To this day, special tours of the Musrara neighborhood organized by the school are sometimes led by former social activists from the neighborhood.
“Today, people are no longer embarrassed to say they come from Musrara; they are proud,” noted Sabag.
One of the exhibitions, which is inspired by the spirit of the Israeli Black Panthers movement and marks 30 years to the school, is called “Resistance,” which will open on October 31.
“The concept of the exhibit is very interesting,” said its curator, Ayelet Hashachar Cohen. “We played with the Hebrew word for resistance – “hitnagdut.” On one hand, it means to take action, but it can also mean to stop something from happening. The exhibition explores the concept of protest – both on a societal level and on a private level – through resistance.”
According to Cohen, who is the head of the photography department at the Musrara School, the “Resistance” exhibition is a collaborative effort by nine artists who are all Musrara graduates. The artists researched the subject of protests, utilizing photo archives open to the public, including the Musrara Archives, which was established by the art school to document the political, societal and cultural history of the neighborhood.

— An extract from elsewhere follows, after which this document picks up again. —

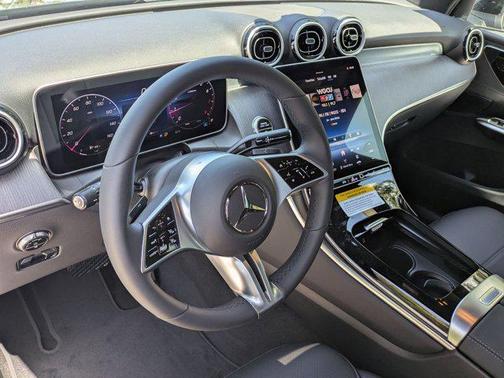 2025 Mercedes-Benz GLC 300 Base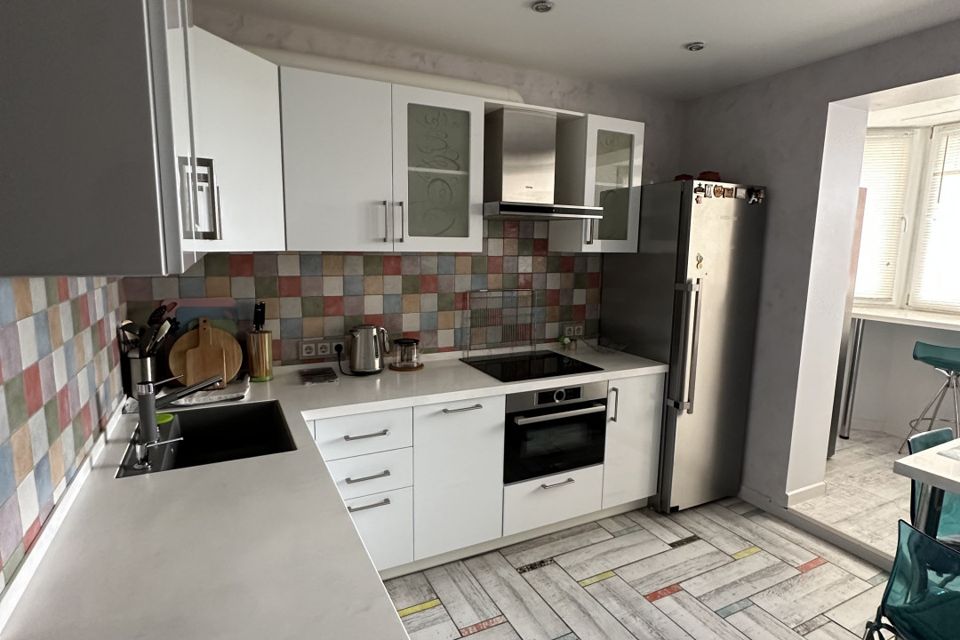 Сдаётся 4-комнатная квартира, 130 м²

“This is a significant exhibition for the public and for the students, in light of the social protests that have taken place in Israel and across the world. It raises questions about the role of protests and resistance in the private and public domain,” said Cohen, who herself comes from an eighth-generation Jerusalem family and lives in Tel Aviv.
“We see that there is much social awareness in the last decade and people taking on issues with their own hands.
There are works in the exhibition that deal with the symbolic elements of protest both from the present and past – the raised clenched fist of the Black Panthers, for example,” she added.
One of the artist taking part in the “Resistance” exhibition is Michal Tobiass, a 2012 graduate of the Musrara School’s photography department. Her work, which focuses on body movements as symbols of protest, features a sculpture of raised hands whose fists are crossed in an x symbol, reminiscent of the famous news photo of Eritrean asylum-seekers protesting at the Holot detention center by holding their hands up in that particular gesture.
“I wanted to bring attention to the plight of the Eritrean asylum-seekers in Israel. In my Tel Aviv studio, I asked a young Eritrean to model his hands for me for the sculpture,” Tobiass told In Jerusalem.
“There is a lot of power in symbols; it’s a means of raising awareness for an issue that no one initially cares about,” she said.
The “Resistance” exhibition opens on Tuesday, October 31, at 7 p.m. at the Social Gallery on 22 Shivtei Yisrael Street, third floor. Both the “Resistance” exhibition and the “Free Radicals and Antioxidants” exhibition (located on 9 Ha’ah Street in Musrara) will be open until January 25, 2018.